## What the task requires
Where an entry contains a picture, skip the picture and write out everything else exactly.
::: Data listing :::
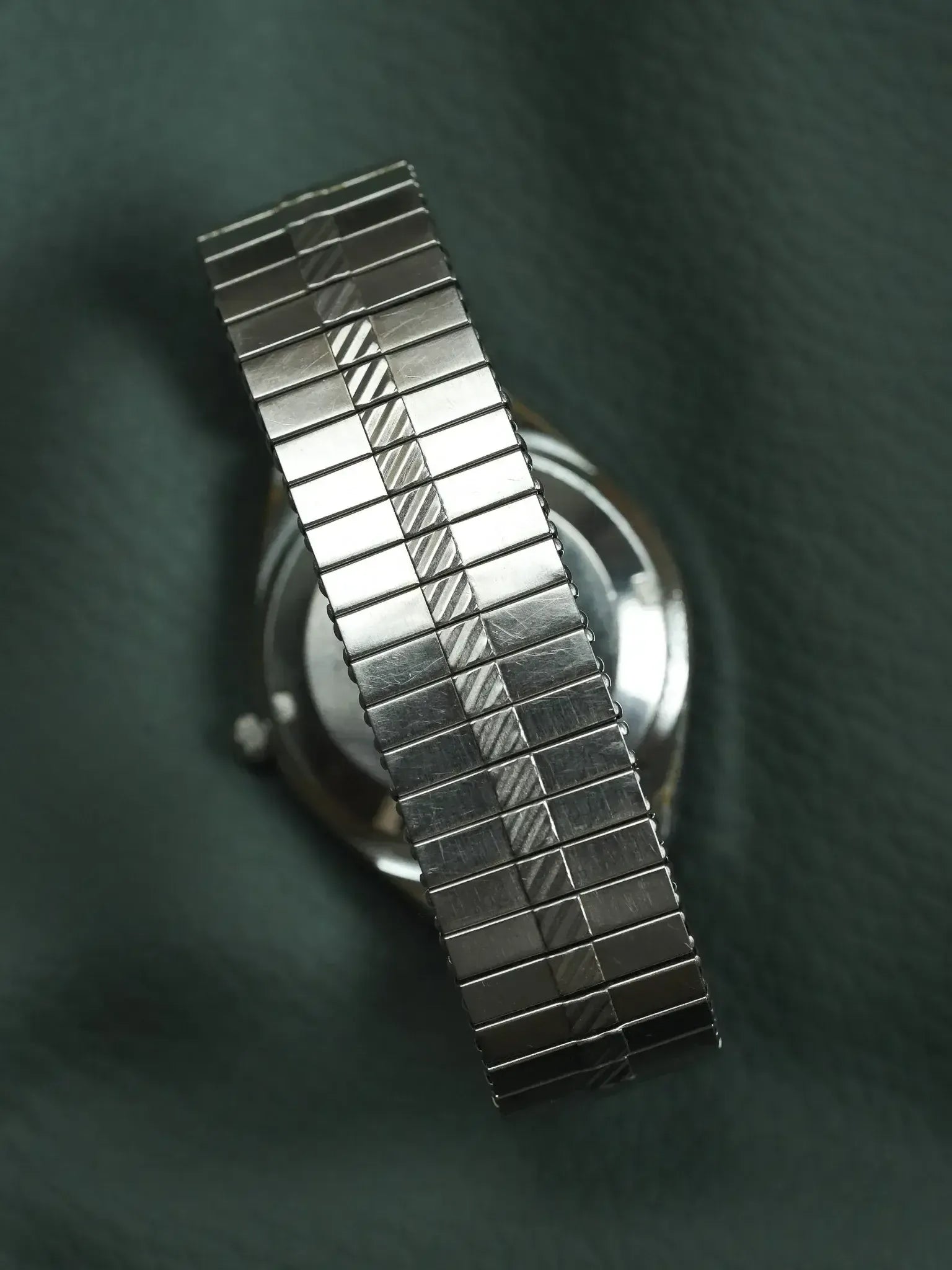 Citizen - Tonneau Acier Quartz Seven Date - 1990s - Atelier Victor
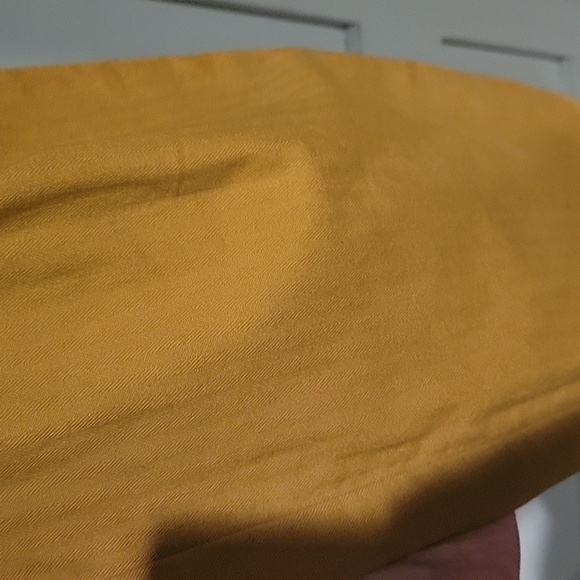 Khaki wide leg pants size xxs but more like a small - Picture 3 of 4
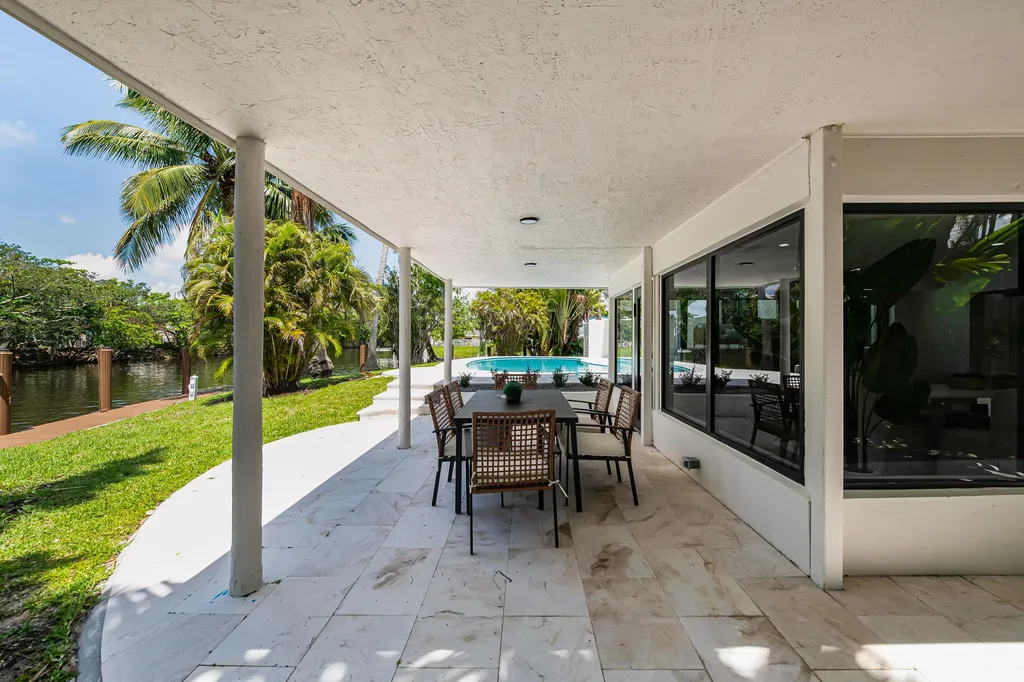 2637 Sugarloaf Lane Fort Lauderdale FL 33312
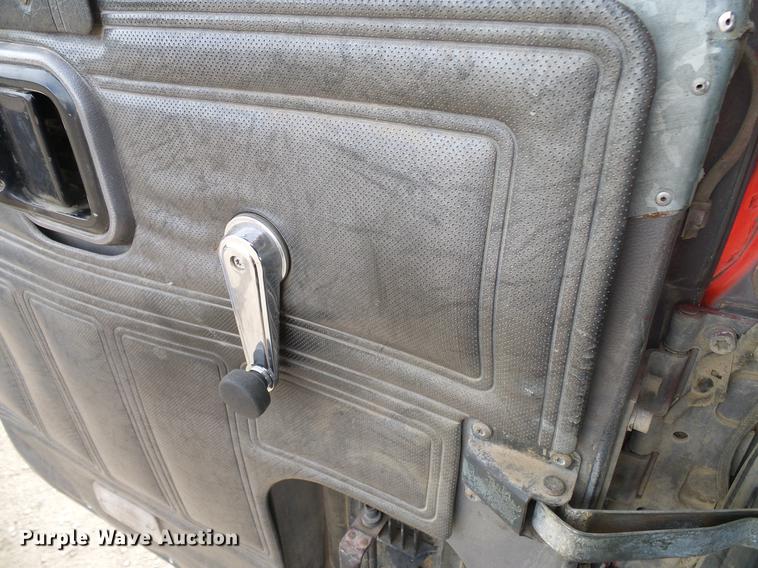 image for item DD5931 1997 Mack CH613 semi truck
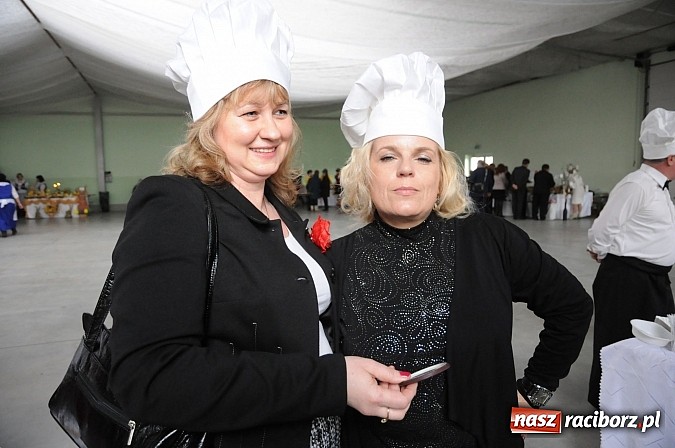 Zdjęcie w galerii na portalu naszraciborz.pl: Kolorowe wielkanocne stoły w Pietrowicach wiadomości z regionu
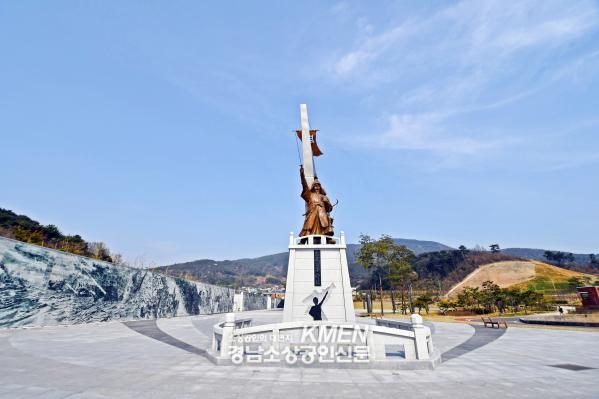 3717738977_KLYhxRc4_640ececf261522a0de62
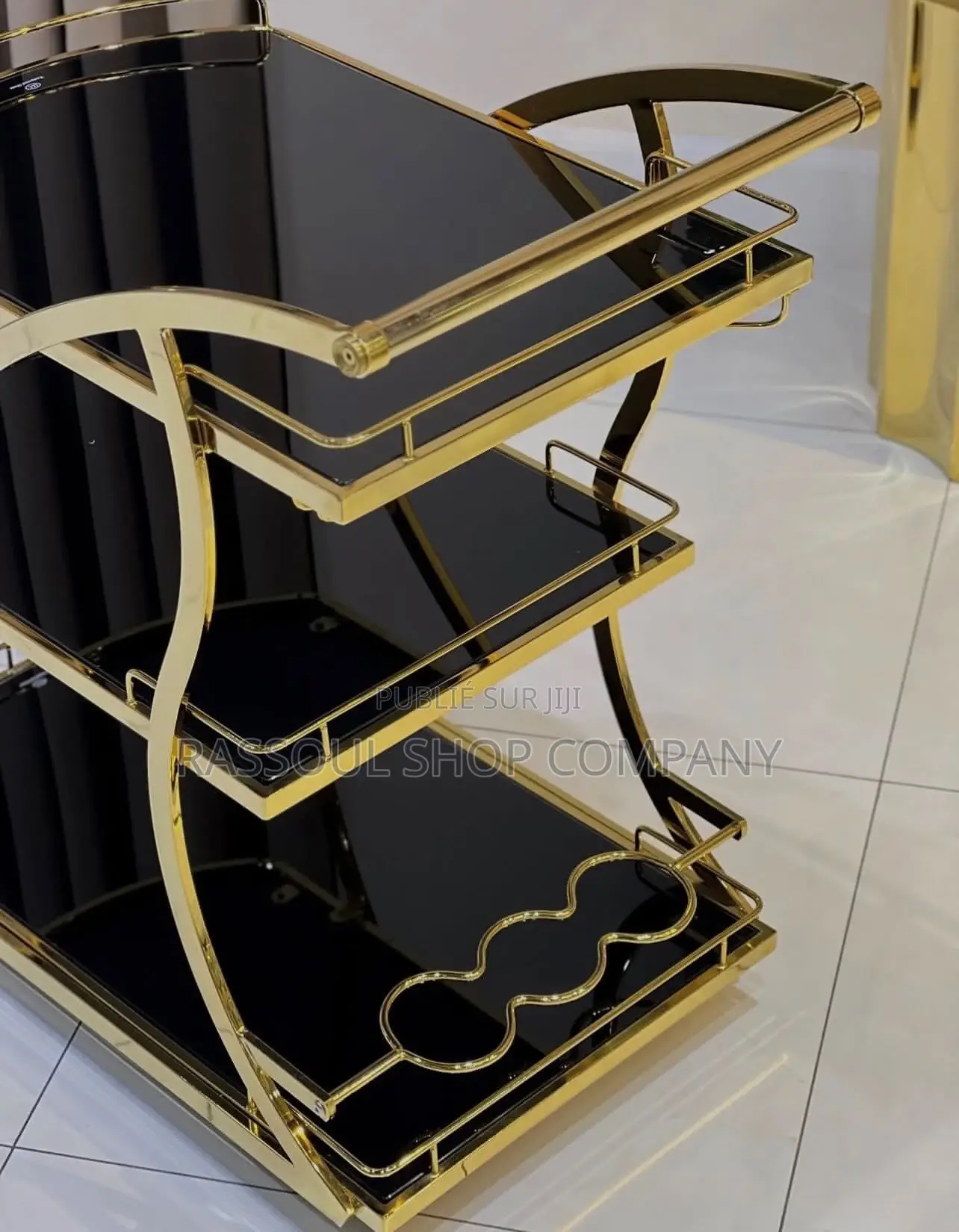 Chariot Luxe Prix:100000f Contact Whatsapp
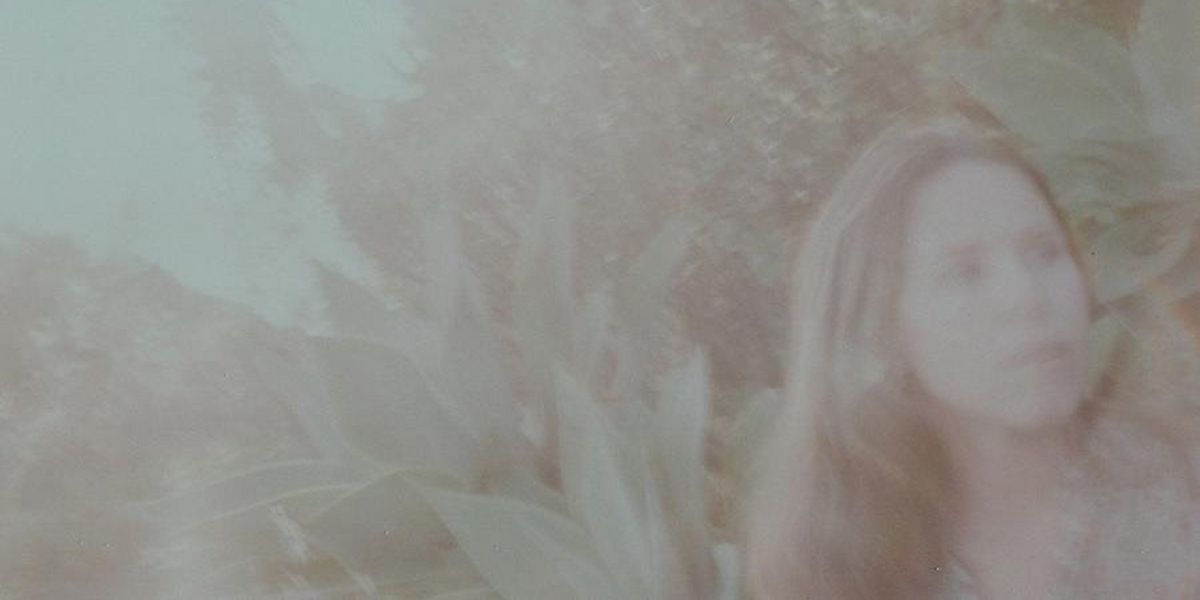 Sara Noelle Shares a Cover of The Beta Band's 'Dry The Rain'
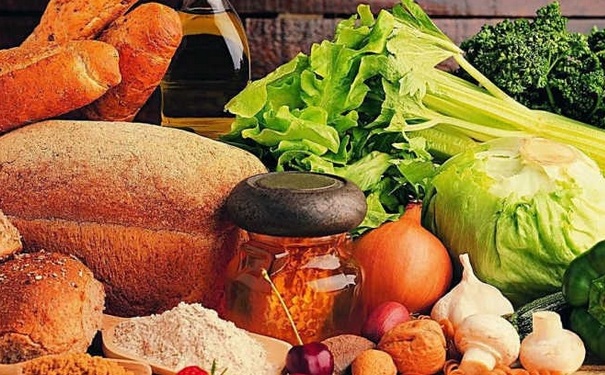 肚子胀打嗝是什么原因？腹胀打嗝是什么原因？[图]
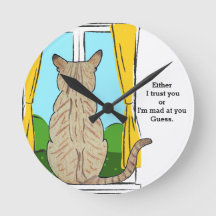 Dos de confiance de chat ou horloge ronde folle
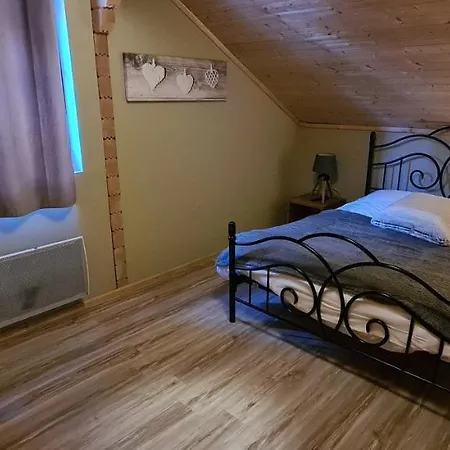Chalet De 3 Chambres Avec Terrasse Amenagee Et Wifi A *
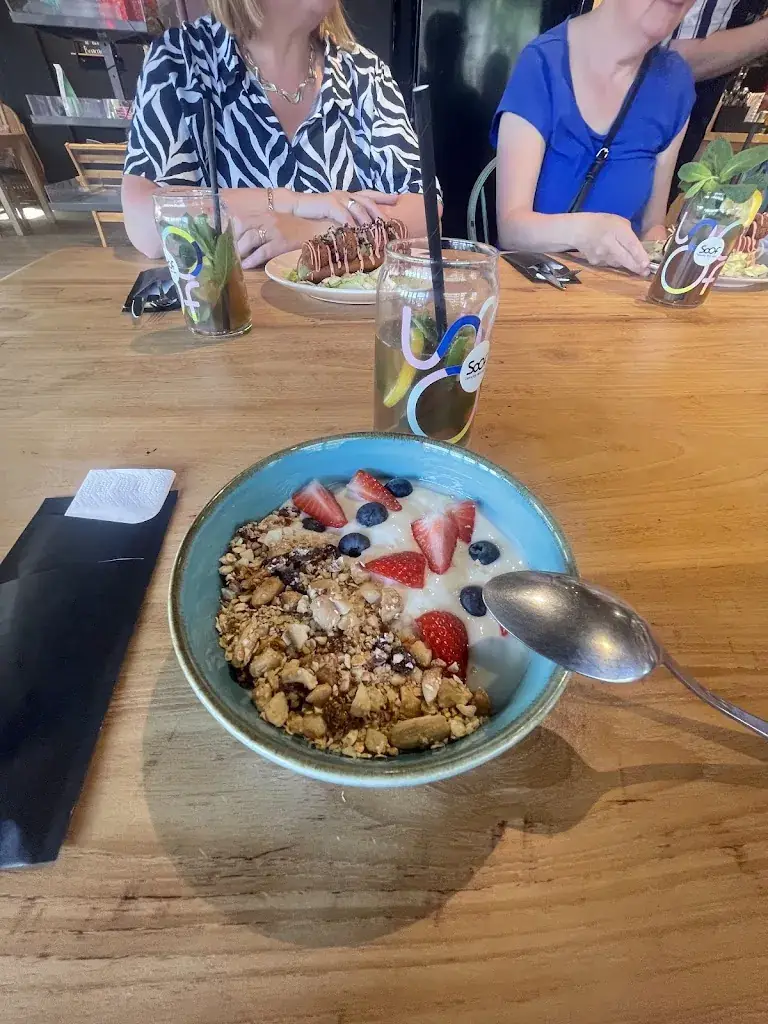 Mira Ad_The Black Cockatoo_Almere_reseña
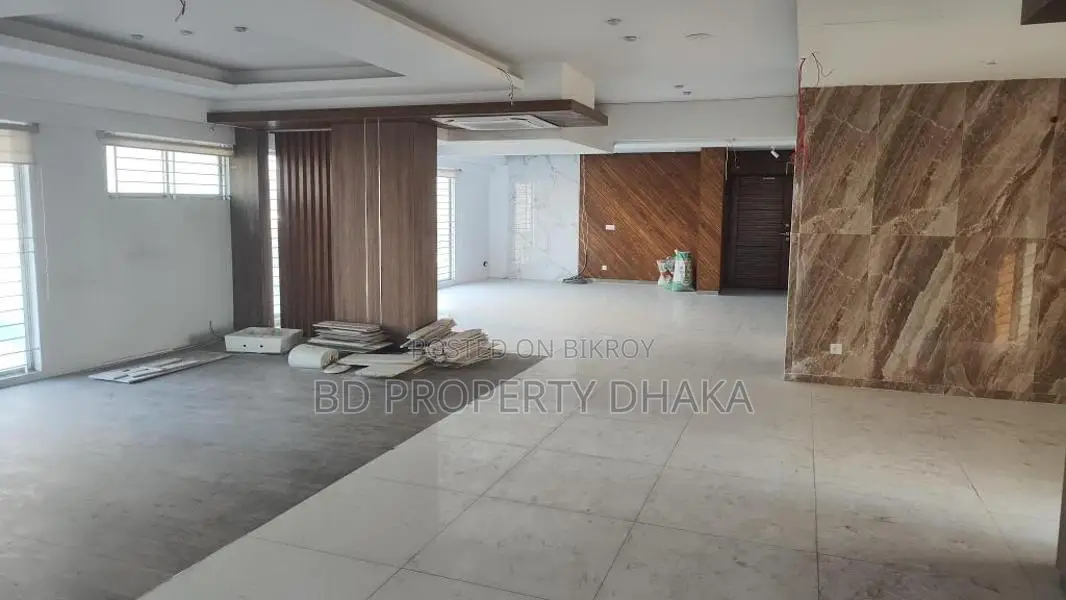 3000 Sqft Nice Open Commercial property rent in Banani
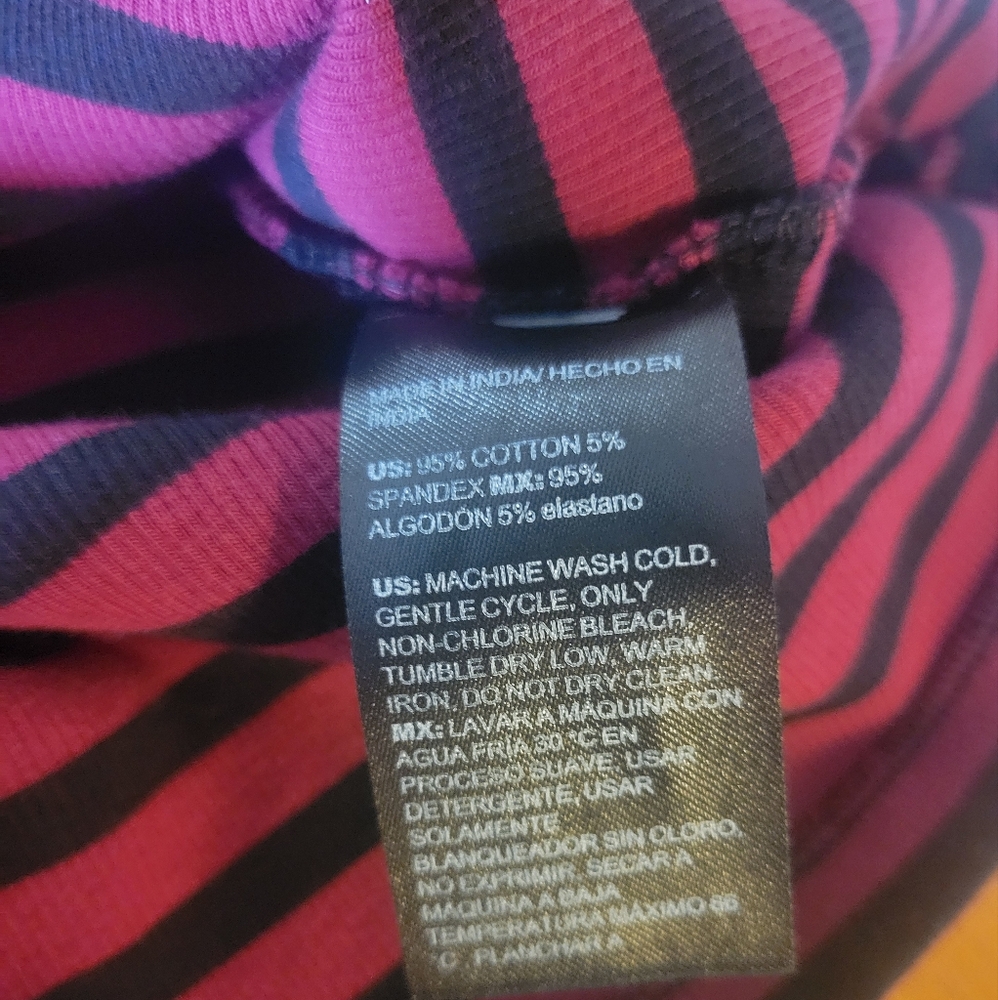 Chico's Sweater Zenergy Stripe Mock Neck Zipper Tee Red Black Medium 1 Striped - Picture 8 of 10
:::
## Expected answer
 Citizen - Tonneau Acier Quartz Seven Date - 1990s - Atelier Victor
 Khaki wide leg pants size xxs but more like a small - Picture 3 of 4
 2637 Sugarloaf Lane Fort Lauderdale FL 33312
 image for item DD5931 1997 Mack CH613 semi truck
 Zdjęcie w galerii na portalu naszraciborz.pl: Kolorowe wielkanocne stoły w Pietrowicach wiadomości z regionu
 3717738977_KLYhxRc4_640ececf261522a0de62
 Chariot Luxe Prix:100000f Contact Whatsapp
 Sara Noelle Shares a Cover of The Beta Band's 'Dry The Rain'
 肚子胀打嗝是什么原因？腹胀打嗝是什么原因？[图]
 Dos de confiance de chat ou horloge ronde folle
Chalet De 3 Chambres Avec Terrasse Amenagee Et Wifi A *
 Mira Ad_The Black Cockatoo_Almere_reseña
 3000 Sqft Nice Open Commercial property rent in Banani
 Chico's Sweater Zenergy Stripe Mock Neck Zipper Tee Red Black Medium 1 Striped - Picture 8 of 10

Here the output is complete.